Volume 73, no. 23, p. 7501-7505, 2007. Due to an inaccurate description of PCR primers for the amplification of viuB in Vibrio vulnificus (G. Panicker, M. Vickery, and A. K. Bej, Can. J. Microbiol. 50:911-922, 2004 [Erratum, 53:671, 2007]), some strains in our paper were inaccurately designated as viuB negative. Upon our discovery of this mistake, published viuB and venB sequences from Vibrio vulnificus strain MO6-24 (GenBank accession no. U32676) were BLAST aligned with chromosomes one and two of the published V. vulnificus genomes (YJ016 [GenBank accession no. NC_005139 and NC_005140, respectively] and CMCP6 [accession no. NC_004459 and NC_004460, respectively]). Results showed that viuB aligned with 97% nucleotide identity with VVA1303 from YJ016 and VV2_0837 from CMCP6. venB aligned with 99% nucleotide identity with VVA1304 from YJ016 and VV2_0838 from CMCP6. The following primers for viuB and venB were subsequently developed from regions conserved among all three strains: viuB primers viuBF2 (5′-CTCGGTCAGACAATATCGTGC-3′) and viuBR2 (5′-CGGCAGTGGACTAATACGCAGC-3′) and venB primers venBF (5′-CTAACCAACATCCGACAGAC-3′) and venBR (5′-CAAGATCAACCTCGTCTGG-3′). Upon PCR screening using these primers, all strains used in this study were found to be positive for both viuB and venB.
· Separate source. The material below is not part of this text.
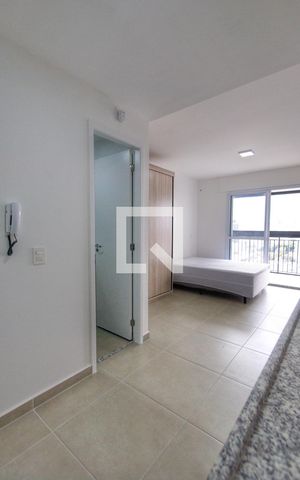 Studio à venda com 28m², 1 quarto e sem vaga Studio à venda com 28m², 1 quarto e sem vagaCozinha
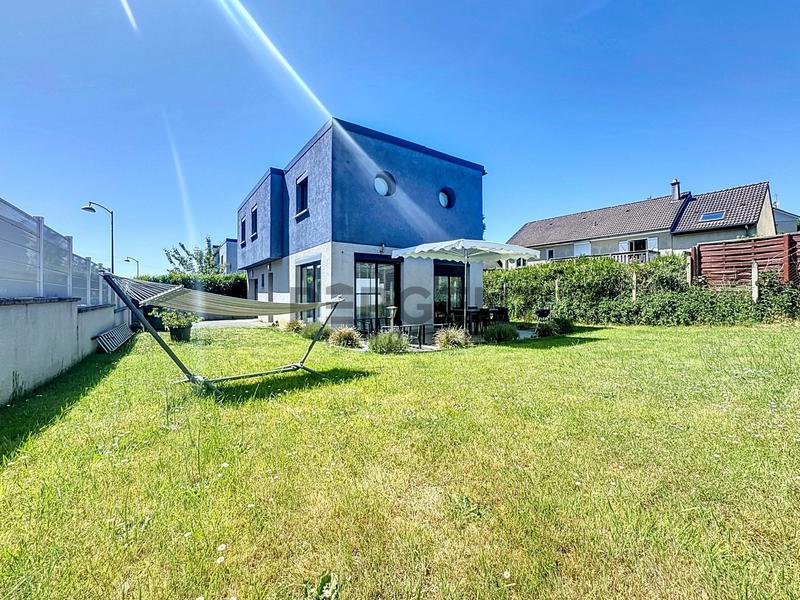 Maison contemporaine - 110 m² - 5 pièces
As a result of the misdesignation of isolates as viuB negative, the observed differences in serum survival cannot be attributed to differences in the presence of viuB. Thus, the third paragraph of Results and Discussion (p. 7503) should be disregarded. Also, as opposed to what was suggested in the concluding sentence of the paper, the apparently ubiquitous nature of viuB makes this gene an unlikely marker for screening of clinically important strains. However, the fact that significant differences in serum survival were observed between the C and E types keeps the virulence predictive value of C/E subtyping intact. Thus, we feel that the overall findings and value of our paper remain unchanged. Ultimately, the discovery that all C- and E-type isolates possess viuB (and venB) and the lack of obvious differences in gene content between the two genotypes highlight the critical need to further investigate genetic regulators that may account for the differing serum survival levels of C and E strains.
We sincerely regret the error that was made.